Vielleicht liegt es auch an der Modebranche und ihrem Personal. Beispiel: Thomas Rath. Mit seiner Vorliebe für bunte Streifen-Karo-Punkt-Kombinationen wirkt der neue Juror bei Germany’s Next Topmodel, als hätte er beim Karnevalsausstatter nach der Verkleidung „exzentrischer Modezar“ verlangt. Wo in diesem Fall die Grenze zwischen gelebtem Klischee und Selbstkarikatur liegt, wer wüsste es schon?
„Mit der attitude kommst Du hier nicht weiter“
Sein (ebenfalls neuer) Kompagnon Thomas Hayo gibt sich zwar etwas dezenter, liefert dafür im Minutentakt Stilblüten aus dem Modesprech: „Mit der attitude kommst Du hier nicht weiter“, „Ich seh da nicht so’n easy match“, „Die Frau ist ein established performer“ etc. Schließlich wäre da noch Laufsteg-Trainer Jorge Gonzalez, die vielleicht größte Casting-Leistung der ganzen Sendung – zumindest, wenn man in Rechnung stellt, dass High-Heels tragende Winnetou-Männer mit bizarren Akzenten nicht auf Bäumen wachsen.
Inzwischen scheinen auch die Kandidatinnen bemerkt zu haben, dass sie am besten weiterkommen, wenn sie einen bestimmten Drehbuchtyp verkörpern. Da wäre zum Beispiel Nachwuchsmodel Joanna in der Rolle der verzogenen Göre („Ich bin eine Frau mit Köpfchen“, „Mehr Models, die baden gehen, bedeuten weniger Konkurrenz für mich.“). Oder „Biker-Braut“ Tahnee, die dem Publikum mit einer Helm-ab-und-Mähne-schütteln-Sequenz vorgestellt wird, die seit Erfindung des D&W-Katalogs zum Repertoire der unerklärlichen Männerphantasien zählt.
Burlesk als Unterwassergymnastik
Etwas origineller ist Nachwuchsmodel Marie-Luise.
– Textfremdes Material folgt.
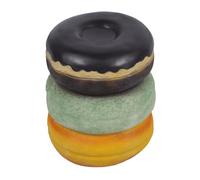 ZAWELIYO Taburete Donut, Diseño Bonito, Taburete Cambiador de Zapatos de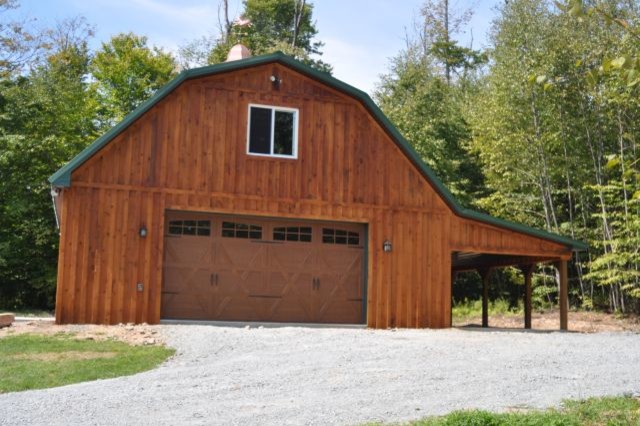 Home design - rustic home design idea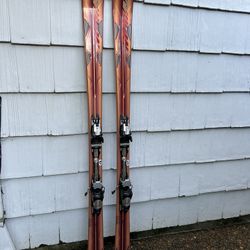 Atomic Nomad High Noon 164 Cm Skis With Atomic Bindings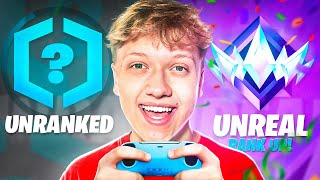 Ich erreiche UNREAL auf CONTROLLER! 👑 (Fortnite Season 4)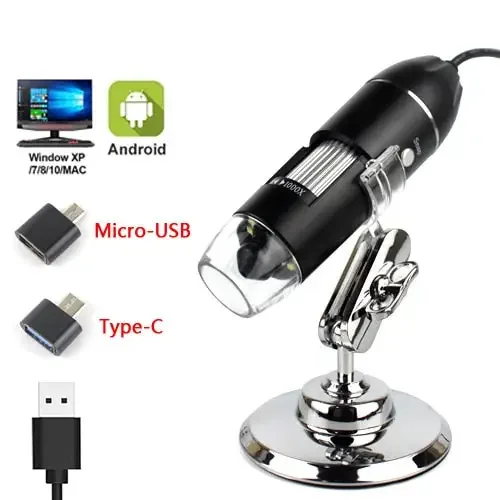 Professional 1000X 1600X USB Digital Microscope Endoscope Magnifier - Image 4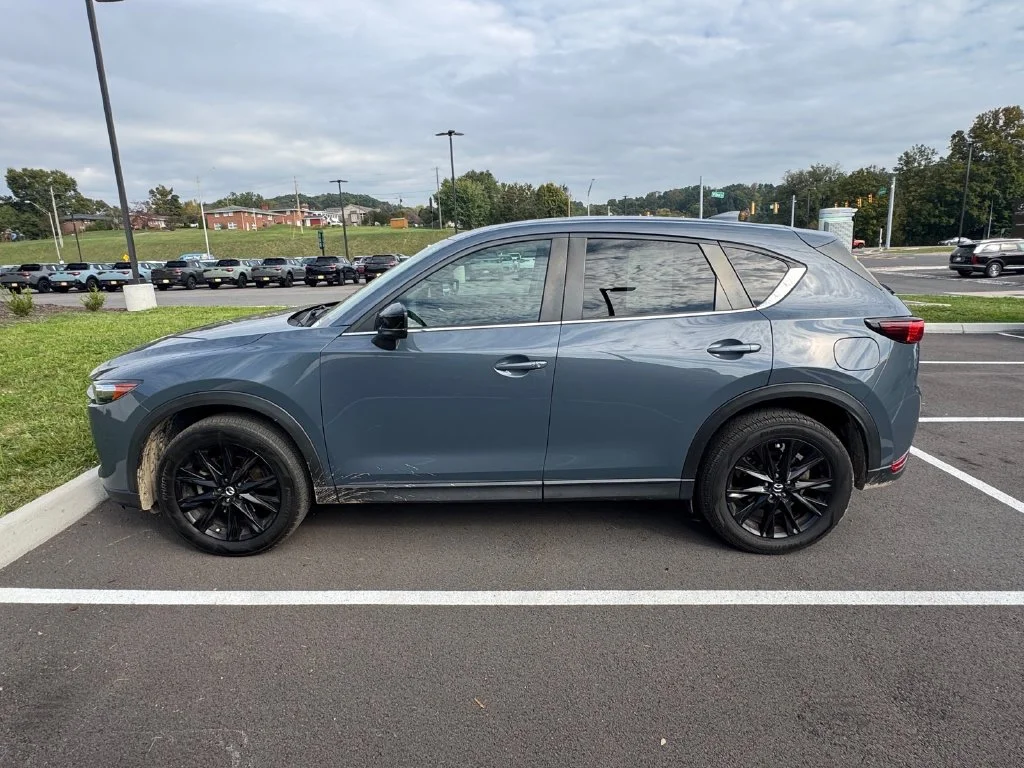 Used 2021 Gray Mazda Carbon Edition Turbo image 22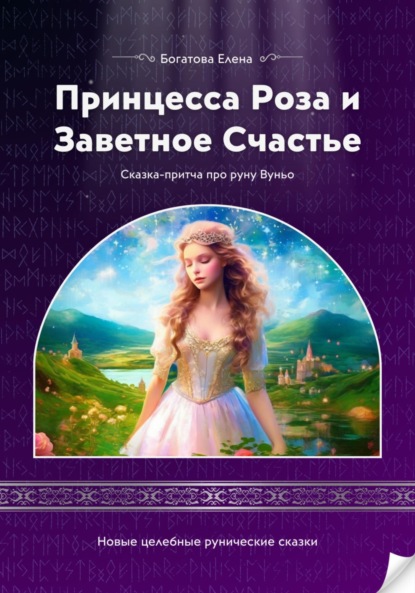 Скачать книгу Принцесса Роза и Заветное Счастье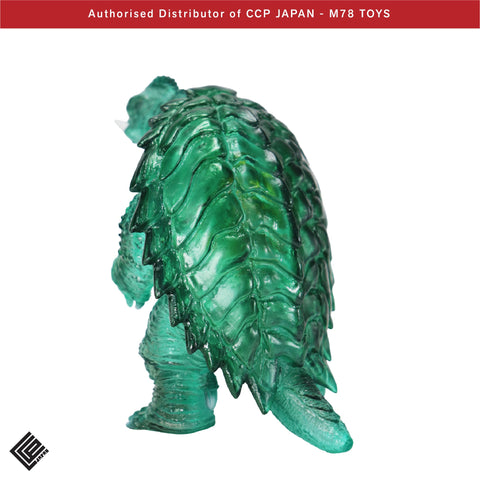 Middle Size Series 加美拉 (第8彈) 加美拉 (1999)【透明綠 Ver.】 CCP JAPAN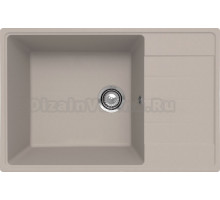 Мойка кухонная Ulgran Quartz Prima 760 лен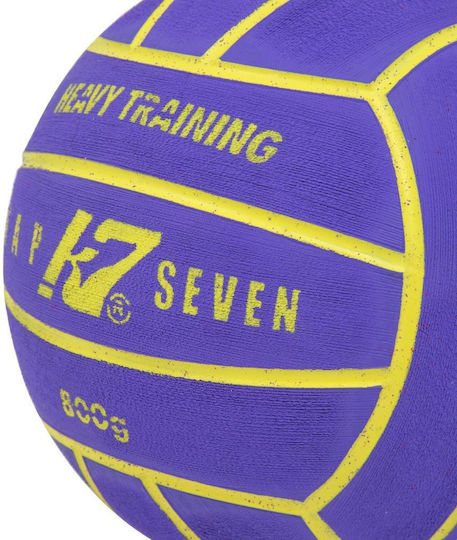 Kap7 Heavy Training Ball 800g Water Polo Training Ball Kap-7 Purple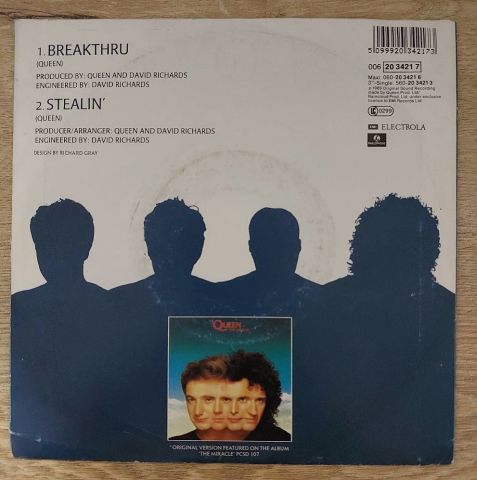 Queen – Breakthru 45LİK PLAK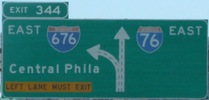 I-76 Exit 344, PA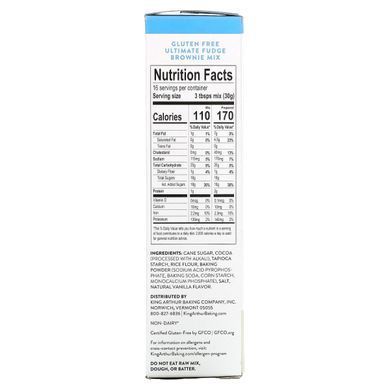 Безглютенова суміш для приготування Брауні, King Arthur Flour, 17 унцій (482 г)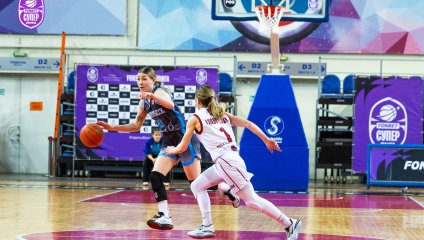 Спарта энд К-2 - Невинномысск 77:58 (11.02.2025)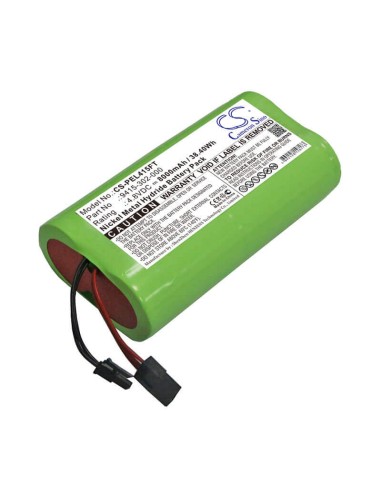 Battery for Peli, 9415, 9415 Led Lantern, 9415z0 Led Latern Zone 0 4.8V, 8000mAh - 38.40Wh
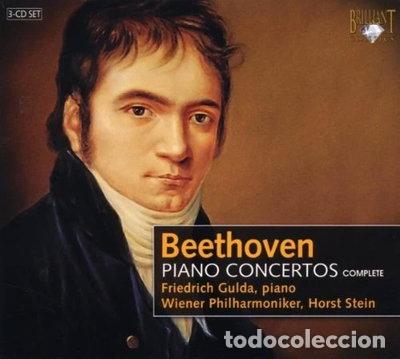 CDs de m&uacute;sica: Beethoven Piano Concertos Complete- 5028421936536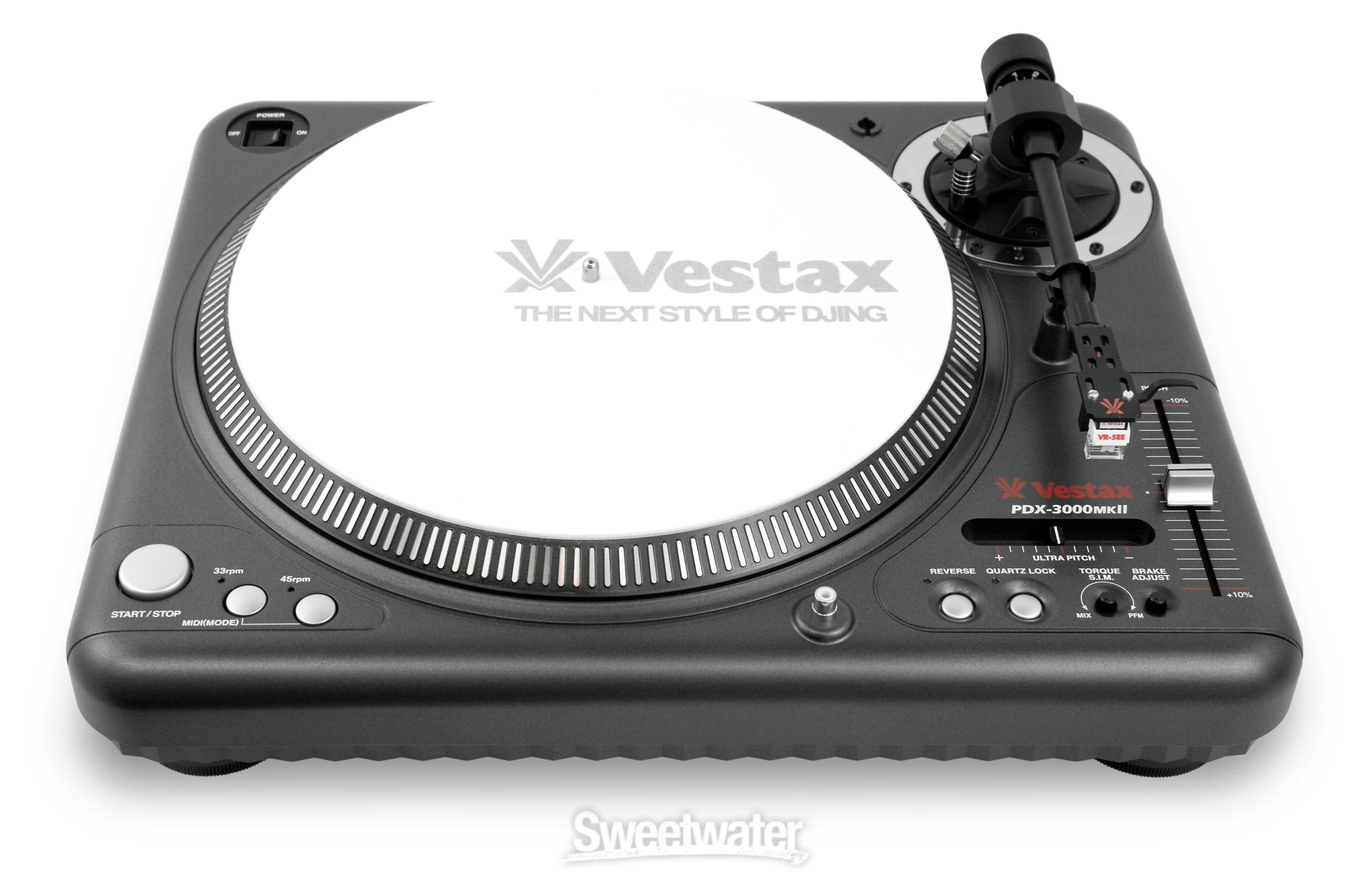 Vestax PDX-3000 mkII | Sweetwater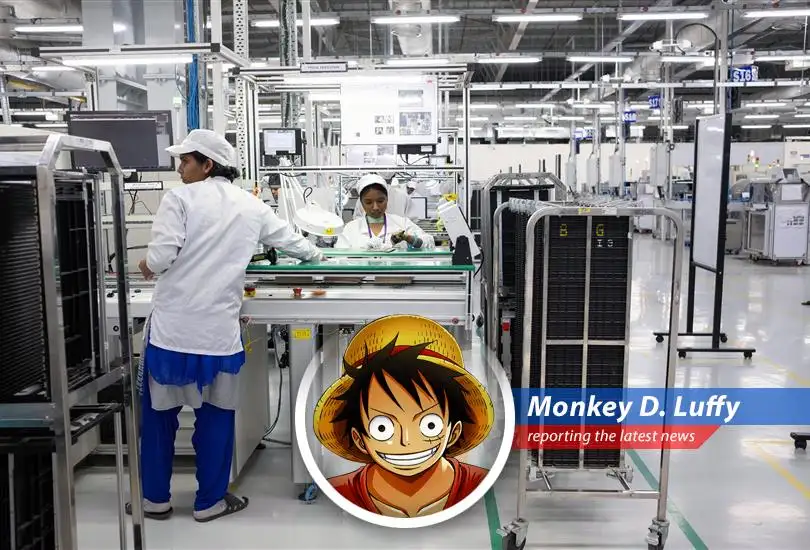 Luffy here, reporting on how India's gearing up to be a major player in global manufacturing, attracting companies from all over like a giant meat platter!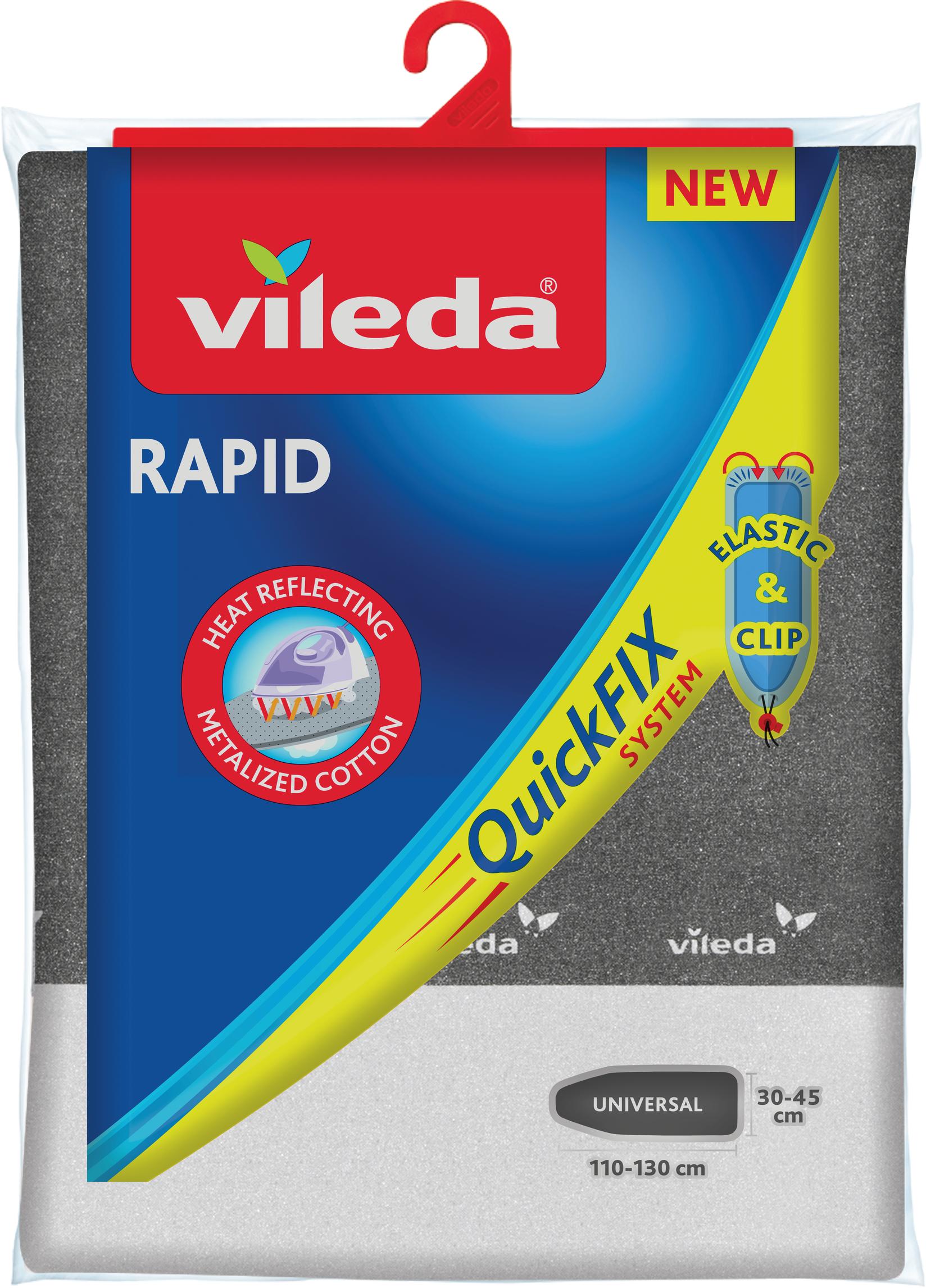 VILEDA Rapid metalik navlaka za peglanje univerzalna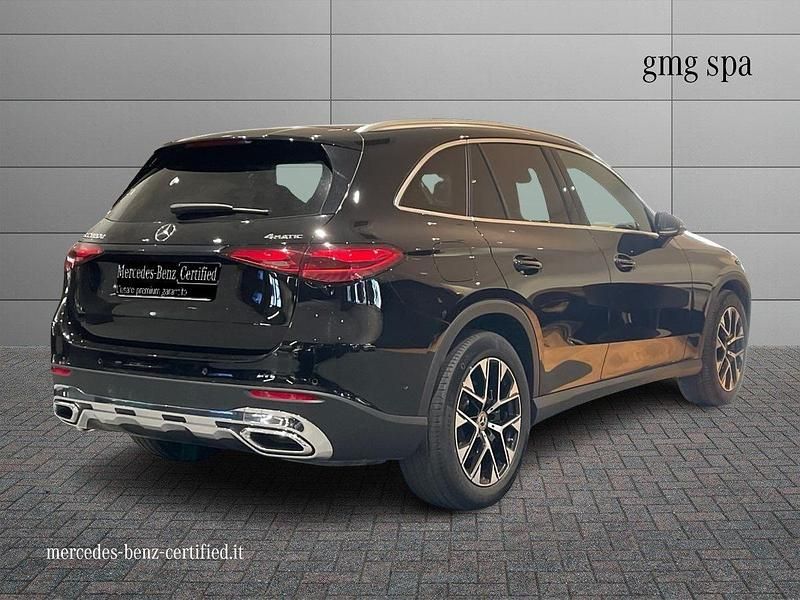 Usata Mercedes GLC220 Advanced Plus 197 CV (144 kW) 2023 Nero SUV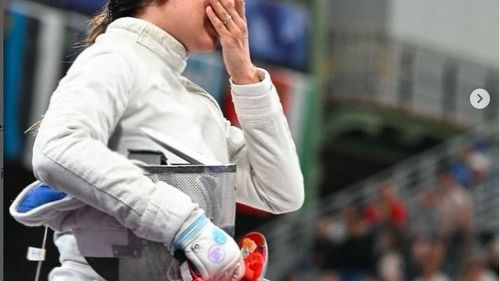 Egipteanca Nada Hafez a dezvăluit că este însărcinată în 7 luni, după înfrângerea din optimi în concursul de scrimă de la Paris: "Pare că sunt două sportive pe pistă, dar de fapt erau trei!"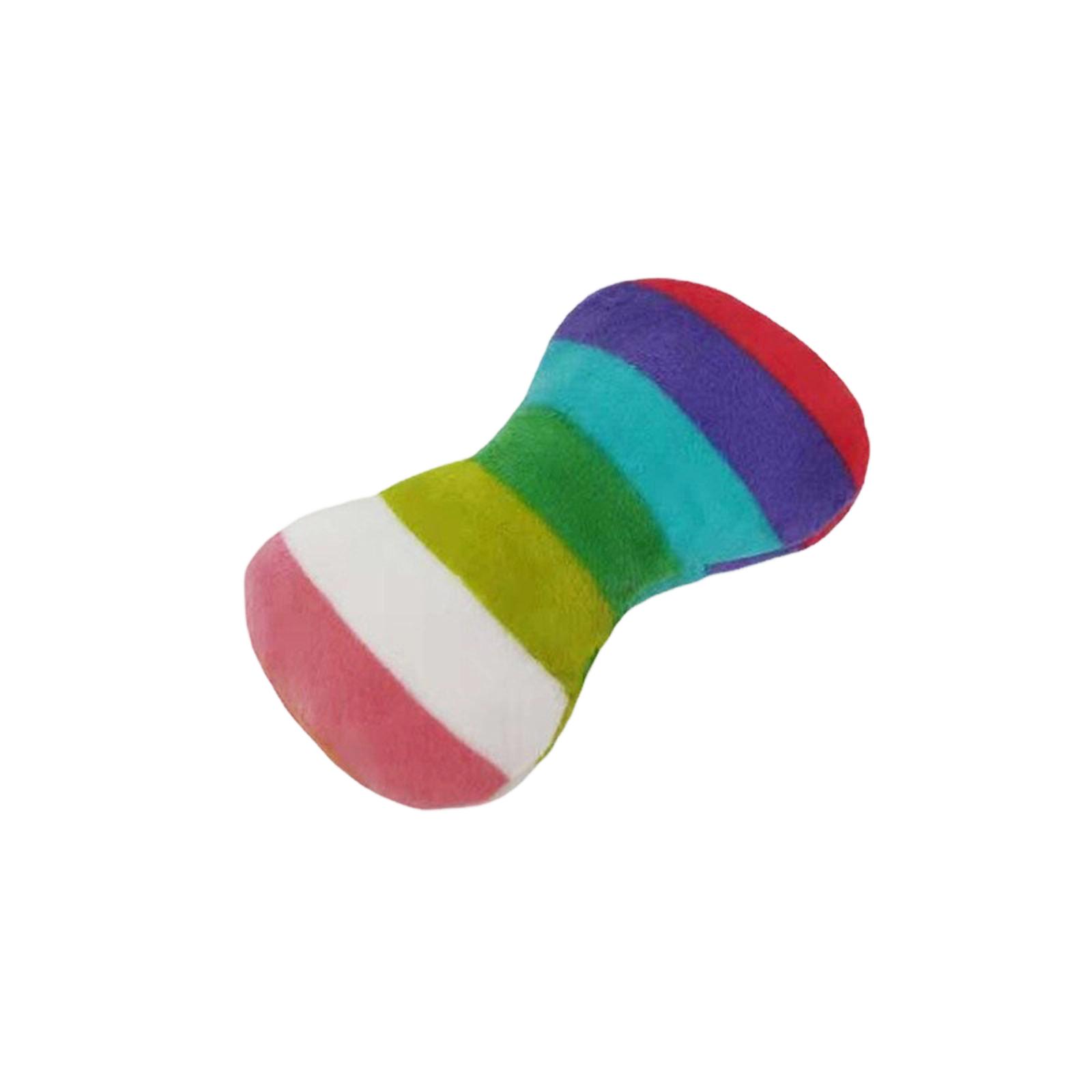 Плюшевая игрушка-погрызушка для питомцев, снимающая стресс и развлекающая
Als großes Vorbild gibt sie Burlesk-Ikone Dita von Teese an. „Das hättest du besser nicht erwähnt,“ sagt Klum und bittet die Kandidatin, sich doch mal zu räkeln auf dem Bühnensofa. Was folgt, sieht ein bisschen nach Unterwassergymnasik aus und liefert einen der wenigen wirklich lustigen Momente in dieser Sendung. Eher unheimlich fällt dagegen der Auftritt von Kesha aus. Die amerikanische Popsängerin scheint sich über Nacht in Donatella Versace verwandelt zu haben, obwohl sie (Kesha) geschätzte 40 Jahre jünger ist. Beim Konzert tritt sie zusammen mit Klums Models als Hintergrundtänzerinnen auf.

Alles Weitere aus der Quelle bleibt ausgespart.